恐らくココらへんを縄張りとしている船らしく、既に戦闘態勢を整えており、先制攻撃を仕掛けてきた。この海賊船は無防備に直撃した。
「弾だ!弾をつめろ!」
「はい!」
「あ、ちょいとエース君」
「今いそがしんだよ!?」
「向こうの船、もう一つ後ろにあるけど?」
エースは後ろを向いて走り出した。
「かしらァ!後ろ後ろぉ」
クリスは自分の位置を船から天空へと移動した。
エース君のいる船、負けたな・・
前と後ろ両方から攻撃を喰らい、船は沈み始めた、にもかかわらず攻撃はいまだある。
「あーららぁ」
向こうの海賊は殺戮と戦いのみに興味あるらしく、お宝に興味は無いようだ。
「あそこらへん船の残骸多そうね・・」
死霊の怨念がクリスを不愉快にさせる。
「そうね、ちょっとリン」
クリスはリンを召喚させた。
「おう、俺一応最高位クラスだからさほいほい召喚スルの止めてくんない?安売りみたいだからさ」
「五月蝿い。
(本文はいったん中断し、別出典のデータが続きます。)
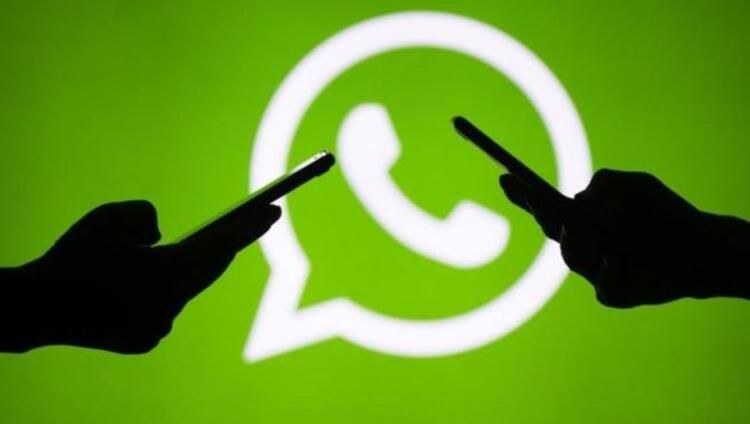 WhatsApp'a yepyeni bir özellik daha geliyor 8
リンほら魂」
「おぉ、すごいなこりゃ」
リンは嬉々として笑った。
「うっとおしいから消してよ」
「あいつらか~まぁ待て待て・・遊んでから」
リンは自分の気の一部を海のそこに飛ばした。ソレを見たクリスは嫌なものを見る目で結界を張った。
ぼこぼこぼこ・・
ざばぁ!死者が顔を出した。骨と化した者、まだ肉片の残るもの、さまざまなものが陸にあがり恨みの者とへと歩いていく。どちらの者ともわからない悲鳴が上がる。
「あひゃひゃひゃ!ばっかでー」
「リン」
クリスはリンの頭を殴った。
「あで、なんだよ」
「アレ、アレ持ってきてあの死体たちが持ってるの」
さっきの戦いで死んでしまった海賊達が山となり、ひとりの少年を海から引き上げていた。リンは魔法で少年を掴んだ。
「これ?」
「それ」
「人を物扱いすんな!」
「あ、意識あった?」
エースは涙をぼろぼろながしながら下を見た。
「みんなぁ・・」
「大丈夫、彼らは地獄逝きだけど、人一人助けた善行の分は、よくしてもらえるわ」
「閻魔甘いからな」
リンは欠伸を一つすると消えた。次のところに向かったらしい。
「じゃあ君は私の村人第一号ね」
「俺許可した覚えないけど!?」
「どうせココで放置したって死ぬでしょう?結局一緒だって」
「・・・・」
クリスは笑顔で止まった。
「なんなら今ココで死なせましょうか?」
浮遊魔法が一瞬途切れる。
「うわぁああああ?!鬼がいる」
「天使だっつの」
「わかったよ、いくよ何処でも行けばいいんだろ!?」
「大丈夫大丈夫そのうち『良かったなぁー』って思う日が来るから」
「本当かよ」
「もちろん」
クリスの笑みにエースはしぶしぶうなづいた。